= Ursula Dronke =

English medievalist

Ursula Miriam Dronke (née Brown) (3 November 1920, Sunderland, UK - 8 March 2012, Cambridge, UK) was an English medievalist and former Vigfússon Reader in Old Norse at the University of Oxford and an Emeritus Fellow of Linacre College, Oxford. She also taught at LMU Munich and at the Faculty of Modern and Medieval Languages of the University of Cambridge.

==Biography==
Born in Sunderland and raised in Newcastle upon Tyne, where her father was a lecturer at Newcastle University, Ursula Brown attended Newcastle Church High School as a girl and began her academic studies as an undergraduate at the University of Tours in 1939, returning to England and enrolling in Somerville College, University of Oxford, after the outbreak of war. She then worked for the Board of Trade until 1946, when she returned to Somerville as a graduate student in Old Norse and beginning in 1950 was a fellow and tutor in English. Her Bachelor of Literature thesis on an edition of Þorgils and Hafliða from the Sturlunga saga was passed by J. R. R. Tolkien and Alistair Campbell in July 1949 and formed the basis of a monograph, Þorgils Saga ok Hafliða, published in 1952.

In 1960, Brown married fellow medievalist Peter Dronke, and moved with him to the University of Cambridge. They collaborated several times, and jointly gave the 1997 H.M. Chadwick Memorial Lecture at the Department of Anglo-Saxon, Norse and Celtic.

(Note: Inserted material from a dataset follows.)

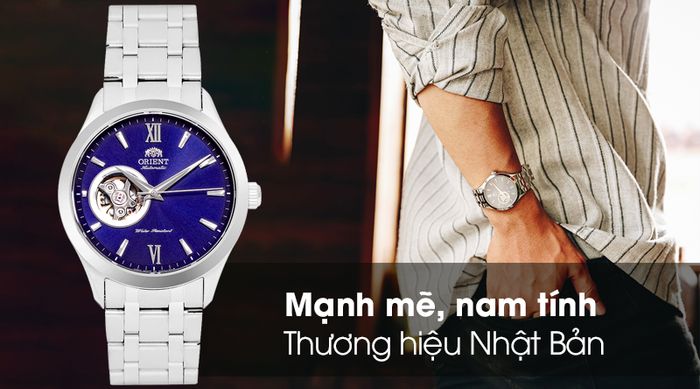 Đồng hồ Nam Orient FAG03001D0 - Cơ tự động có thiết kế nam tính, mạnh mẽ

In the early 1970s, Ursula Dronke was a professor and acting head of Old Norse studies at LMU Munich. In 1976, she was elected Vigfússon Reader in Old Icelandic literature and antiquities at Oxford, and became a research fellow of Linacre College there. She retired and became emeritus Reader and emeritus fellow in 1988. She was able to obtain an endowment from the Rausing family of Sweden to support the Vigfússon Readership in perpetuity.

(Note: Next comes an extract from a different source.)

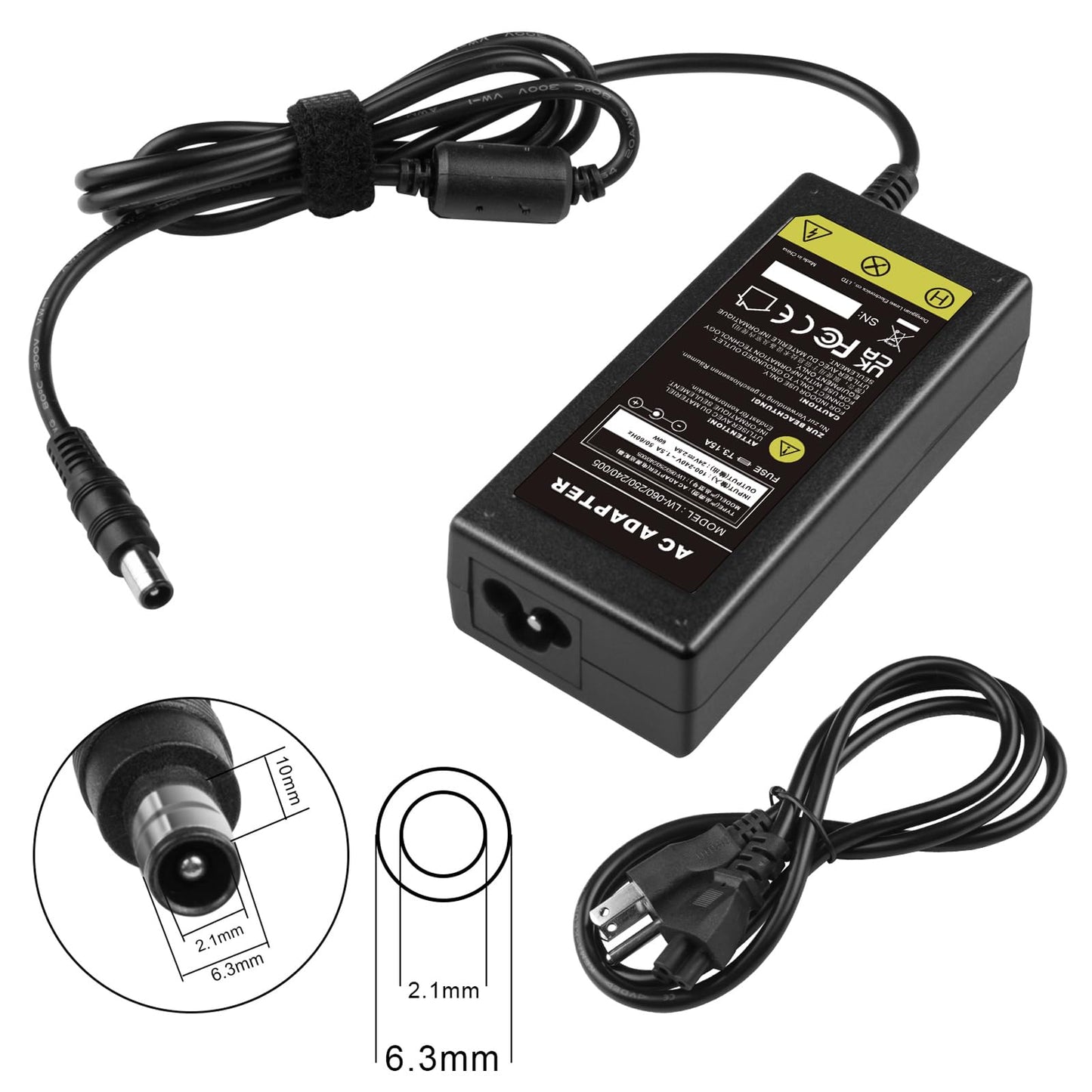 24V AC/DC Adapter Replacement for Samsung HW-JM37 HW-JM47 HW-J450 HW-J550 HW-K550 HW-J551 HW-K551 Soundbar HW-K450 HW-H7500 HW-H7501 HW-J355 HW-J370…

Dronke's edition of the Poetic Edda with translation and commentary (three volumes published of a projected four) has been praised for its scholarship, insight, and skilful and poetic renderings. The series "has completely dominated Eddaic studies worldwide, with the sophistication of its literary analyses and the tremendous breadth of background knowledge brought to bear on the poetry", and in particular, her translation of "Völuspá" "restored it as a work of art." Her collected essays, Myth and Fiction in Early Norse Lands (1996) relate a broad range of early Scandinavian literary and mythological topics to the Indo-European heritage and to medieval European thought, and "[demonstrate] the palpable enthusiasm of a fine scholar and teacher". In 1980, she gave the Dorothea Coke Memorial Lecture for the Viking Society for Northern Research, and she was co-editor of the festschrift for Gabriel Turville-Petre.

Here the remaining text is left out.